We can think here, too, of the passage in Luke’s Gospel where Jesus says, “What father among you would hand his son a snake when he asks for a fish? Or hand him a scorpion when he asks for an egg? If you then … know how to give good gifts to your children, how much more will the Father in heaven give the holy Spirit to those who ask him” (Luke 11:11-13). The fact is, sometimes we ask God for the “snake” or the “scorpion” but, thankfully, he knows better than to give us exactly what we ask for.

In one of his letters, St.
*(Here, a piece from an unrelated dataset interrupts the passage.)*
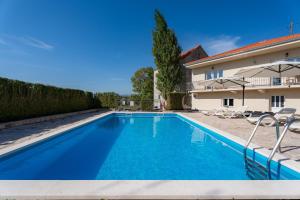 Hacienda Sylvia - secluded 4-bedroom villa with 45sqm heated pool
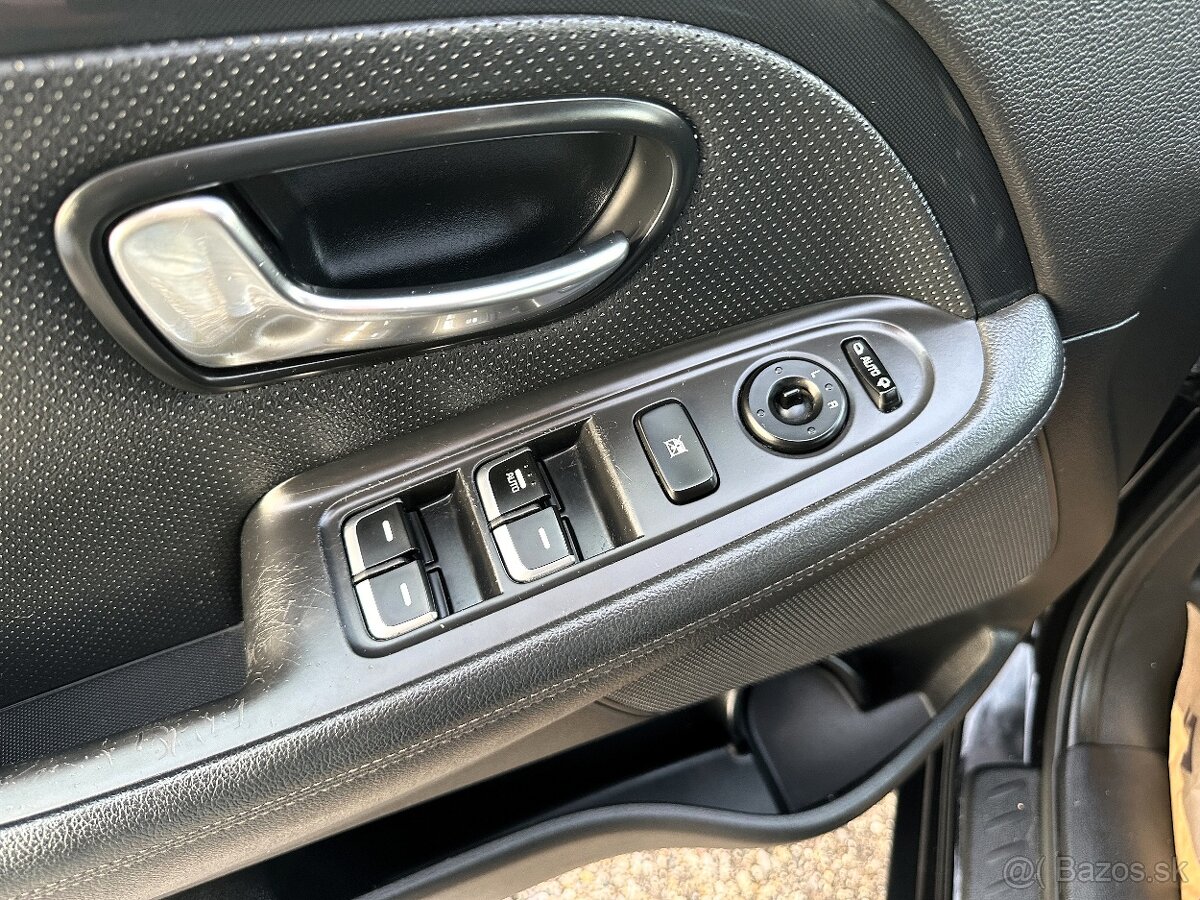 Kia Carens 1.7 CRDi LX - 19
Augustine writes, “Why [God] should ask us to pray, when he knows what we need before we ask him, may perplex us if we do not realize that our Lord and God does not want to know what we want (for he cannot fail to know it) but wants us rather to exercise our desire through our prayers, so that we may be able to receive what he is preparing to give us.” In his commentary on one of the psalms St. Augustine writes, “For the desire of your heart is itself your prayer.”

How might we apply this to those seemingly “unused” prayers for our beloved dead or for those prayers that are “unanswered,” at least in the way we might wish? These prayers still “exercise our desire.” They grow our trust in God and expand the heart. They are still acts of love. If nothing else, they change us and draw us closer to God.

Since we are playing, I wonder if those we pray for who are already in heaven might have some say in how those “extra” prayers and graces are applied. Maybe for other family members or for those who have no one to pray for them, those most in need of our prayers, those just on the threshold of heaven and those “last in line.” As with so many things, I guess we’ll find out when we get there.